When I am determined to open another chapter of my life, to try some other things that are on my list, then I have a dream of coming back home, meeting a pleasant, gentle and wise man who greets me with the most sincere and warm smile, making me climb the ladder and checking where I have arrived and how many titles are still in the wings.
The place from the dream is a Library, and often I ask myself is there a universal library where all books are kept, the written ones and those which are waiting to be written? I have the feeling after such a dream that some of us are designated to remember and bring them “down”. When I am writing my books, when I encounter my characters, I actually remember them. There is a certain feeling that I had already had that experience somewhere else, that I read that book sometime before and that I was simply called to write it again.
Sometimes in the dream after climbing the ladder we sit down at the long wooden desk that runs along the tall windows and we discuss books, authors and various topics (our conversations are always telepathic). At the desk, I am allowed to ask him all sorts of questions. It appears that he, himself, is an enormous library as he has almost all the answers ready. Only on rare occasions, he thinks a little and informs me that this is something he does not have a prepared answer for he tells me, he needs to consult his Mentor and he shall have an answer next time I come.

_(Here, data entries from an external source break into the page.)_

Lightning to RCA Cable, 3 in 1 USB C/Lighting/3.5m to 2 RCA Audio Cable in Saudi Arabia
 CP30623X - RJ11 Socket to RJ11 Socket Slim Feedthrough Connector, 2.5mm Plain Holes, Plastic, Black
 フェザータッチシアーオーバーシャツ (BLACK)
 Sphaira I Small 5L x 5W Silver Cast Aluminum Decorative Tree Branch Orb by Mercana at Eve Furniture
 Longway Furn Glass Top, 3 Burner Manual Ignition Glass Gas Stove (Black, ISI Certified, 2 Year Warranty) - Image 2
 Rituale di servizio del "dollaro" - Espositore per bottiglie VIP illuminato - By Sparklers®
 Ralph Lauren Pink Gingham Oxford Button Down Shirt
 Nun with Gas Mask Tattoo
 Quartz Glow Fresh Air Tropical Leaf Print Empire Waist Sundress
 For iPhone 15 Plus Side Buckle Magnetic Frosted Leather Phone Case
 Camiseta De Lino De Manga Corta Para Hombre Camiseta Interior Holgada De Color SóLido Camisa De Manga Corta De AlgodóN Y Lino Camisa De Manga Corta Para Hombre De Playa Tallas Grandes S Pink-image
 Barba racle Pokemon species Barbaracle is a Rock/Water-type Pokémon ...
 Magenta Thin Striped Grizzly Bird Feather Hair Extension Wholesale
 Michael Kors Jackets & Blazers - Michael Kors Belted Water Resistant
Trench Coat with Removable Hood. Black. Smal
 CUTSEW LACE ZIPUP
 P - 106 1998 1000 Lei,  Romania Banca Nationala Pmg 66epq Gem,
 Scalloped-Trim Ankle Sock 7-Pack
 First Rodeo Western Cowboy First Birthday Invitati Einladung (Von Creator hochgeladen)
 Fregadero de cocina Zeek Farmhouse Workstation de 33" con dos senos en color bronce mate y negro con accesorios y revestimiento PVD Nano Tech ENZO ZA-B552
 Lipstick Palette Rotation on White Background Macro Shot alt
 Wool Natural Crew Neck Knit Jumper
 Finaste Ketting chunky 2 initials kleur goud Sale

I like the name Mentor, so I start calling him Mentor.
In some dreams, I am told to stick to the plan as if I had come to earth with a signed contract to do a job and I have been mentored and monitored, sometimes called “up” to be reminded or just to look at the library, sit there and replenish my inspiration and energy. When I write, or when I drive and daydream, I find myself talking to my Mentor asking for the answers to some of the harder questions. “Let go, it’ll come”, might be his suggestion, or it just pops from my own mind, but I do let go and the answer comes when I least expect it. A character appears when I think I can’t create such a character, or I find a group of people where someone was already waiting for me to pass the message where to go, what to do or has a book for me to read.
When I was very young, at the age of eighteen I wrote my first book. The reason I wrote that book was my firm conviction I had to write a sequel to a book I had written many, many years ago. I know it doesn’t sound serious and almost childish that I had a conviction I was called to finish a book that an author from a century before had written; even though the title was blurred, the author’s name was blurred somehow, I know which book I was assigned to write a sequel to. It was the book number twenty-one in the Library.
Here I am again, ready to write a novel upon entering the Library and consulting with the Mentor once again.
Everything has its meaning, every person has a meaningful place in our life and when we are not aware of that we lose our path, or heart, down the line we understand why, he tells me.
I ask him where does he reside, he smiles the way a wiser man smiles to a simple thought.
I ask, “Is there another Me out there in a parallel Universe?’ He smiles to anything that he doesn’t find suitable to answer in that moment.
Often, I hear that simple sentence of “Let go” and when I don’t, I think of justice and injustice, of meaning and of meaninglessness, of time and space, of existence, religions, wars and it goes on and on … a constant chatter … chatter that dims the message, but when I do let go, everything stops, the chatter stops and everything flows.